It's actually not much more difficult to answer the question at the end. There are approximately n!/(e k!) permutations fixing exactly k positions. Can find this from the same method as used to find the original approximation, or just apply the original esimate (for example note that for a given set of fixed positions there are ~(n-k)!/e derangements of the remaining, and there are n choose k ways to choose the fixed positions. The product of these is the above estimate) I'm not a fan of people saying this or that math is hard or complicated; it's very hard to make such a claim objective, and just biases the hearer against the question. It's better to say "I don't know" than to say it's hard.

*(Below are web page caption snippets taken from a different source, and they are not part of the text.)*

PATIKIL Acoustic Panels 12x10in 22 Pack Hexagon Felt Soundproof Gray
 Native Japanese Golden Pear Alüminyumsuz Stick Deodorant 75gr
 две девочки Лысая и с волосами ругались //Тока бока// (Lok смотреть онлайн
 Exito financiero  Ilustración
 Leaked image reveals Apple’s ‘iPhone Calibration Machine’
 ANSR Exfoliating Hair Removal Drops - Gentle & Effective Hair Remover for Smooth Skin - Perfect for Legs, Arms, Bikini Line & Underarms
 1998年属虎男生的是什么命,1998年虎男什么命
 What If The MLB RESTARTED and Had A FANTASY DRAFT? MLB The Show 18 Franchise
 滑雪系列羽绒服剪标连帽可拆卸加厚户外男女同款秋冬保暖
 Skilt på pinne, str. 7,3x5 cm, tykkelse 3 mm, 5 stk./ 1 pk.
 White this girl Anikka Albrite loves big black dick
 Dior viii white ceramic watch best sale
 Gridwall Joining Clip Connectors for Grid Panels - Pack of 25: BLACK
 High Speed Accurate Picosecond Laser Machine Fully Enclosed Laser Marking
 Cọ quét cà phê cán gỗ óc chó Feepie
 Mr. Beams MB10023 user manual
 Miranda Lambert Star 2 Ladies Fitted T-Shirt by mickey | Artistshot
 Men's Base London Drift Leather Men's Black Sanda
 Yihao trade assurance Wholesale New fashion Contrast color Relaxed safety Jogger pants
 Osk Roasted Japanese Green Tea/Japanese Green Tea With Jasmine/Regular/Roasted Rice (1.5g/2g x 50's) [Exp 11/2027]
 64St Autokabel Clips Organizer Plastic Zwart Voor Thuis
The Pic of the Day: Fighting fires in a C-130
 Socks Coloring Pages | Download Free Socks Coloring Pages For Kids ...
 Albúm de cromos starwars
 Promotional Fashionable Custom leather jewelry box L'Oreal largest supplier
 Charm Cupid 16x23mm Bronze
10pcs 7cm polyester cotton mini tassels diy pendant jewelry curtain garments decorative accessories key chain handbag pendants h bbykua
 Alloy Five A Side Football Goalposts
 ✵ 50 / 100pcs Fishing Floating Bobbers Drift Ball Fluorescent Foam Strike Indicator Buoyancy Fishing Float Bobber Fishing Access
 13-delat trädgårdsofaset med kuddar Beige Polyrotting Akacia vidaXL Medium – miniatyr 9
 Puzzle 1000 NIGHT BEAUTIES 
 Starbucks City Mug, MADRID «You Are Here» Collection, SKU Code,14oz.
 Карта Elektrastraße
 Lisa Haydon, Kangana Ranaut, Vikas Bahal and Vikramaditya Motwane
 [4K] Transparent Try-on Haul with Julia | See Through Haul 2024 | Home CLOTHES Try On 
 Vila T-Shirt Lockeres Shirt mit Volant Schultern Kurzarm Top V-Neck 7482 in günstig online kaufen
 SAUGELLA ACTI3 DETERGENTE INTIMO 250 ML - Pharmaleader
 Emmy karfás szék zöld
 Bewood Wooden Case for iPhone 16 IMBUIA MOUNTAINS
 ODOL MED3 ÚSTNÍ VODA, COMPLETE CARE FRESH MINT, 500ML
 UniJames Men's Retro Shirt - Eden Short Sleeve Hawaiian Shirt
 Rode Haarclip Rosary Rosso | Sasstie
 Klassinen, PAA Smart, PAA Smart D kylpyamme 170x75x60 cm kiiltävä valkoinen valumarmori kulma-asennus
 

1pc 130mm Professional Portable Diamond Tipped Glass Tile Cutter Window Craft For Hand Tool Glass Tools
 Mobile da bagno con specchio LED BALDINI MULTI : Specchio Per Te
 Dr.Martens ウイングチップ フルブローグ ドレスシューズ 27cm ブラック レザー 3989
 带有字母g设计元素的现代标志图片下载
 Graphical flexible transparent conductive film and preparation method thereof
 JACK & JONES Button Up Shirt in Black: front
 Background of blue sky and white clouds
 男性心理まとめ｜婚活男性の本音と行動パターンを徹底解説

I am reminded of "manotazo", where players take turns laying down cards and have to slap down the pile when the card layer down coincides with name of the card. The names are spoken in order during turns from ace to King and then ace to King again. Last hand on top of the pile takes the pile. You notice derangements quite often during play
There is a simpler proof: so for the example with n cards in order to lose the first hand has to be anything but 1 and for that to happen the probability is n-1/n. For the second card anything but 2 and so on. So there are n cards and for this to be true it has to be true for all of the cards. So the probability is ((n-1)/n)^n = (1-1/n)^n) but (1 +x/n)^n = e^x so the probability of losing is e^-1
So I worked on a very similar problem in school. The idea is that you've got a list of questions and answers on a test that you need to match up. Maybe you've got a list of definitions that you need to match to words from a word bank, for example. The question I asked myself was, "If I were to guess totally randomly, how many can expect to get right?" It turns out, the answer to that question is exactly 1, regardless of how many questions there are, provided that you give a unique answer to each of them. This, of course, is no better than if you simply guessed the same answer on all of them. Approximately 37% of all cases will yield no correct answers, and 1 of all cases will yield all correct answers, but it averages out at exactly 1 correct answer, given any number of questions. One other thing I wanted to point out is that James was not completely clear at the beginning when he said that it's always 63%. In truth, the probability approaches 1-1/e as the number of cards approaches infinity. For cases with 4 or fewer cards, it still approaches this value, but with fewer cards, the result is off by more than 1%, so it doesn't look like the same number by system. 1 card is 100% 2 cards is 50% 3 cards is 66.666...% 4 cards is 62.5% An interesting point to note here is that all odd amounts will have a probability of over 1-1/e, and all even numbers will have a probability under 1-1/e I also found this value 1-1/e elsewhere in probability; the idea being that if you have something with a 1/n chance of happening with each iteration, and you preform that iteration n times, what's the probability that it will occur at least once. For example, what's the probability of rolling a 6 on a standard 6 sided die, if you roll it 6 times. The answer here is also 1-1/e, or about 63%. Also here, the % approaches 1-1/e as n approaches infinity, but it approaches it more slowly, and always from above, rather than alternating between above and below, as in the above problem. So really, the probability is always over 1-1/e.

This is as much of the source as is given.